30 juillet 2013

Les motards de Göreme

À la sortie de Göreme, Turquie.
Pour ceux qui auraient un petit creux avant de se lancer dans encore plus d'aventures, Göreme présente deux avantages gastronomiques certains : les meilleurs baklavas au monde... et du thé, presque à volonté.

Les meilleurs baklavas que j'aie mangé provenaient du Oze Café. On y trouvait aussi des dizaines de sortes de thé. Et les propriétaires étaient particulièrement sympathiques.

Parlant de thé, sachez qu'il est presque toujours gratuit, à la fin du repas, dans les petits restos sympathiques. C'est moins vrais dans les gros établissements chics qui ne visent que la clientèle touristique.

Ceci dit, notre deuxième journée en Cappadoce a été bien remplie. À l'auberge, on nous avait recommandé un tracé touristique en autobus qui nous ferait découvrir la majorité des attraits de la région. Bien futés, nous nous sommes dit qu'il serait plus facile d'y parvenir à notre rythme en louant des mobylettes.

Premier constat : sur le gravier, une mobylette, ça manque de stabilité. Deuxième constat, qui viendrait beaucoup plus tard : notre carte n'était pas à l'échelle.

Néanmoins, s'égarer à notre rythme n'avait pas son pareil. Tout en haut de la côte qui nous permettait de sortir du village, nous nous sommes arrêtés pour admirer la vue. Pour cueillir quelques abricots aussi, comme on en trouve partout. Et pour se fondre aux touristes d'une petite boutique de souvenirs, où on souhaitait absolument nous vendre quelques babioles à gros prix.

Sur les dalles inégales qui grimpaient jusqu'à son château, nous avons conduit jusqu'à Uçhisar. Nous prenions encore bien notre temps, nous qui devions repartir vers Istanbul avec l'autobus de 20 h. Nous n'étions encore que le matin.

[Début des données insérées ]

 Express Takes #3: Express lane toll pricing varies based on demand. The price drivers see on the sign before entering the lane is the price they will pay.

Certains diront que Pigeon Valley est un incontournable. Bien que les volatiles y soient nombreux, nous n'avons pas été particulièrement impressionnés. C'est davantage la perte de contrôle... contrôlée de mon compagnon de voyage qui nous a marqués. Pas de blessures ici heureusement. Même pas une égratignure sur la bécane.

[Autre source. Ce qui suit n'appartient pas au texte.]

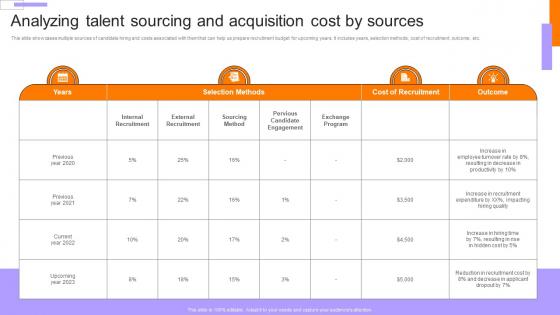 Employee Performance Evaluation Analyzing Talent Sourcing And Acquisition Cost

Pendant au moins 45 minutes par la suite, nous nous sommes promenés dans la campagne en attendant de trouver un endroit pour casser la croûte. Les petites routes désertes, les champs, l'impression d'être au milieu de nulle part... et les Turcs qui ne semblaient pas croiser de motocyclettes aussi loin de Göreme bien souvent. Ce qu'on nous regardait bizarrement.

C'est finalement à Kaymakli que nous avons trouvé de quoi manger. Ce petit village typiquement asiatique, avec ses petits commerces entassés les uns sur les autres, est semble-t-il réputé pour sa ville souterraine. Entre la cacophonie de la rue et le calme sur la terrasse où nous avons mangé, il y avait un monde. Tout au fond de la cour, des aînés jouaient aux cartes ou aux échecs. Nous étions réellement des chiens dans un jeu de quilles.

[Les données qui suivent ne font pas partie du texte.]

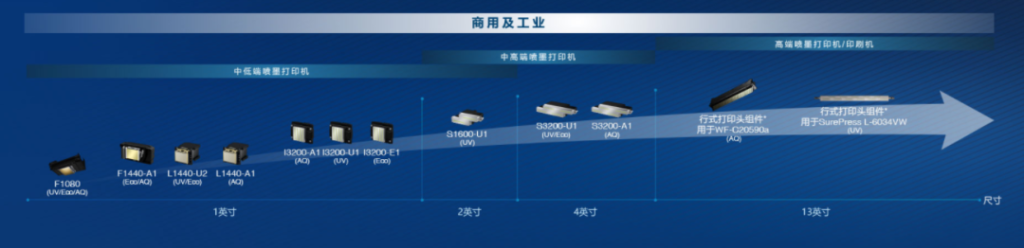 金九銀十,愛(ài)普生打印頭迎來(lái)新的成長(zhǎng)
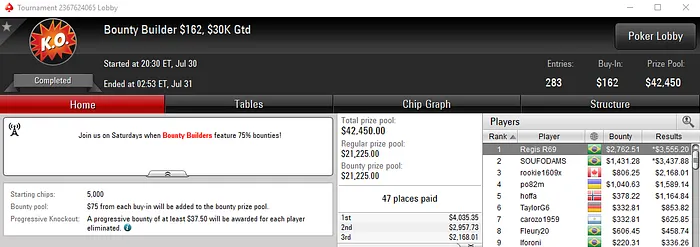 PokerStars: Ricardo Souza Crava 5 Monday 6-Max (,437) & Mais 103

Nous avons remis les voiles vers Derinkuyu pour visiter une autre ville souterraine inscrite au patrimoine de l'Unesco. Là, avec tous ces gens de la place qui nous interpellent dans leur langue, on se doute bien qu'on nous a envoyés promener en turc une fois ou deux quand nous avons refusé d'acheter de la marchandise. Mais à Derinkuyu, on sait reconnaître le touriste. Et on sait ce qu'il cherche. Sur la route, on lui pointe immanquablement la direction de la ville souterraine.

C'est là que le stress s'est invité. La prochaine ville sur notre trajet, Ihlara, se trouvait à plus de 50 km. En motocyclette... Et le temps filait.

Nous avons pris le pari.

Sur notre carte, il n'y avait pas d'agglomérations entre Derinkuyu et Ihlara. Ce n'était pas une erreur. Pendant que les réservoirs de nos bolides se vidaient, les champs défilaient. Encore des champs. Toujours des champs. Et l'énorme mont Hasan à l'horizon.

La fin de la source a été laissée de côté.